The man who did most of the telling in Jersey City was a tall, lean Irish-American named Frank Hague. He put together what students of the subject consider the ultimate political machine. Unlike other bosses, Hague refused to make nice with Hudson County's Protestant powers. He forced the railroads to pay millions in city taxes they had avoided for decades with the help of the Republican Party. This was no small accomplishment: the Pennsylvania and other lines owned 25 percent of Jersey City's property.
Hague also involved himself in labor disputes. Before he took office, thugs hired by the corporations often beat and shot striking workers on Jersey City's streets. Hague vowed to put an end to this practice. He forced the corporations to arbitrate the disputes (and served as an arbitrator himself). The workers usually won these bloodless arguments. And he confounded the Protestants by cleaning up downtown Jersey City. Hague closed brothels and dance halls where prostitutes picked up customers and reformed the Police Department, which had become all but indifferent to enforcing the law when payoffs were forthcoming. Hague was not a model of ethical perfection in other ways, but no one in Jersey City worried about that.
Davey Fleming [my grandfather] used to say that Hague - "the Big Fellow" - had the nerve of a burglar going up the outside of a New York skyscraper.

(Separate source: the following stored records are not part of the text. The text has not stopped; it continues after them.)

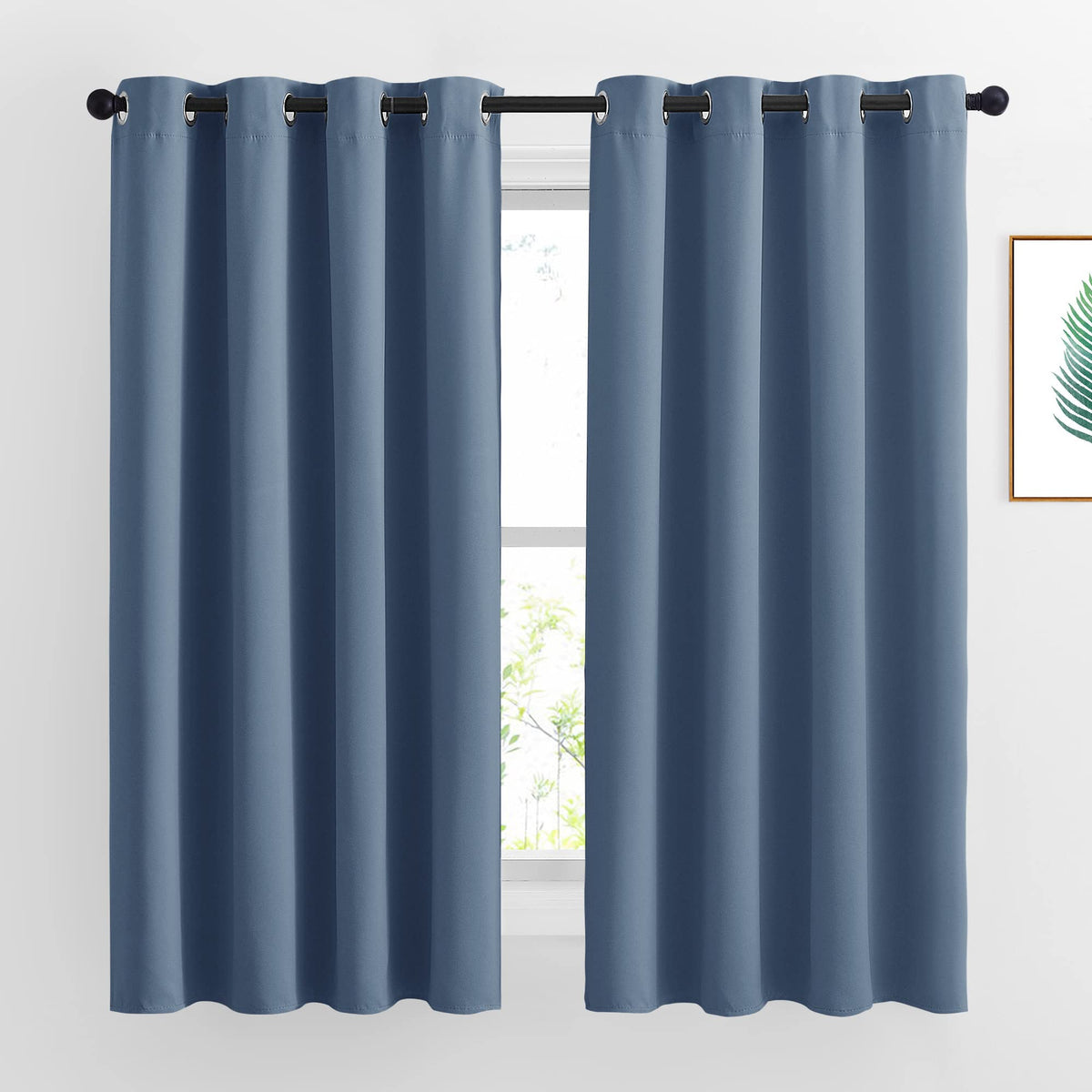 Nicetown Bedroom Curtains Room Darkening Draperies - Grommet Top Thermal Insulated Light Blocking Energy Saving Privacy Drapes F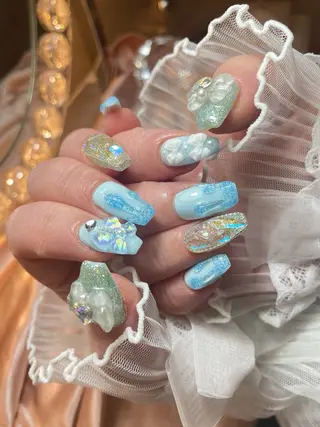 ネイル 23時まで❤︎韓国、 ワンホンネイルのネイルデザイン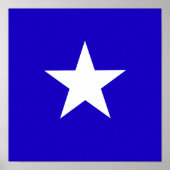 Blauer Stern auf weißem Hintergrund Poster (Vorne)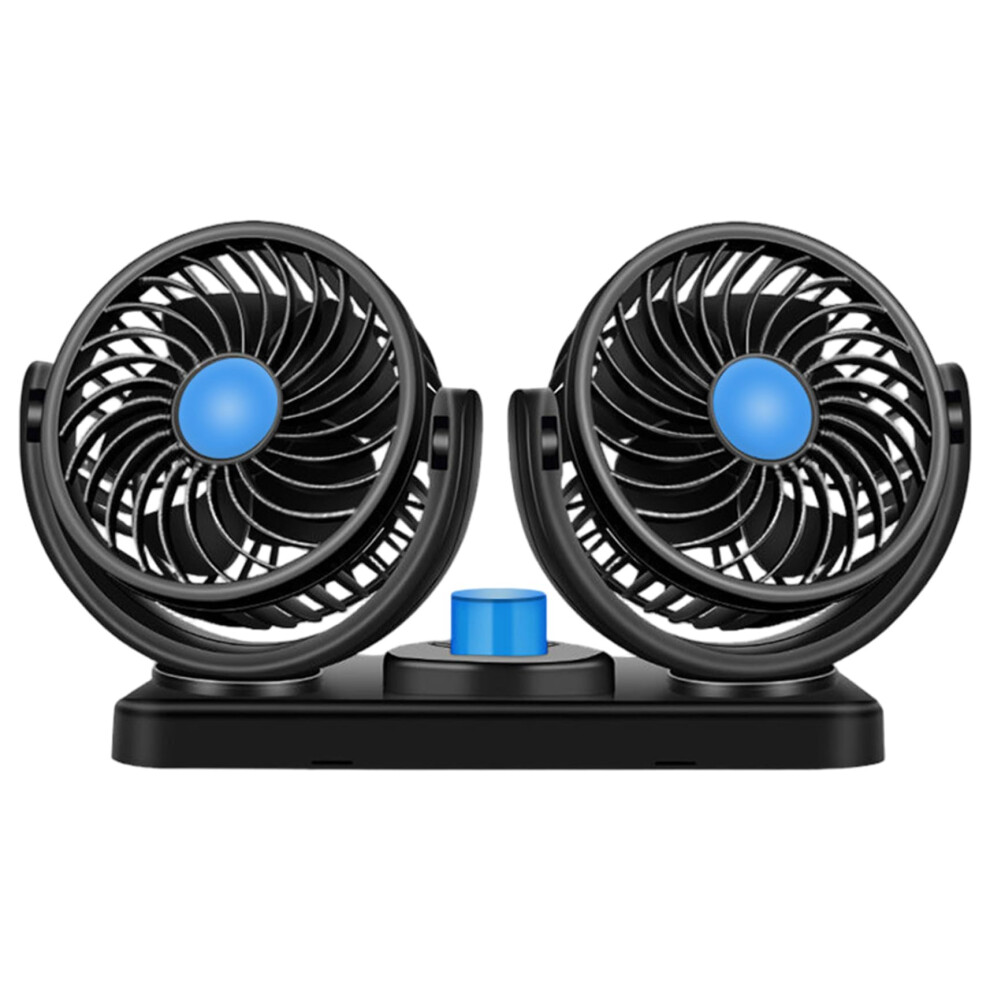 12V Dual Head Car Fan With 360 Rotation, Quiet 2Speed Cooling For Car Suv Truck Rv 9073542069058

My father [Teddy Fleming], who had won a lieutenant's commission during the Battle of the Argonne, also liked Hague's hardball style. Teddy Fleming also made sure that at least 90 percent of the Sixth Ward voted the straight Democratic ticket on Election Day. That was the expected percentage in all 12 Jersey City wards.
This Irish-American-led political juggernaut elected Democratic governors and senators and soon had a lot to say about judges, district attorneys and numerous other officials in the rest of New Jersey.
In 1940, President Franklin D. Roosevelt decided to run for a third term against the wishes of the Democratic Party. Roosevelt went to Mayor Hague, who was vice chairman of the Democratic National Committee, and Hague's close friend, Mayor Ed Kelly of Chicago, and let them handle the nominating convention.
In Albany, Boston, Buffalo, Chicago, Jersey City, Kansas City, New York and Pittsburgh, which is by no means a complete list, tens of thousands of Irish-Americans found a way out of the slums thanks to their political machines. (A term no Jersey City Irish-American ever used - it was always "the Organization.") The grandsons and granddaughters of these policemen, firemen, court officers and other state and municipal jobholders armed themselves with college and law degrees and got somewhere in the larger American world.
What does all this mean on St. Patrick's Day?
Gradually, as I turned into an historian to understand the world in which I grew up, I realized we Irish-Americans have our own story to tell - a very different story from the Irish in Ireland. It's a story with plenty of troubles and not a little heartbreak. But threaded through it is the triumph of a defeated people who used America's freedom to win their share of pride and prosperity.
On St. Patrick's Day, that's worth a come all ye or two. But I hope we never forget the importance of Election Day.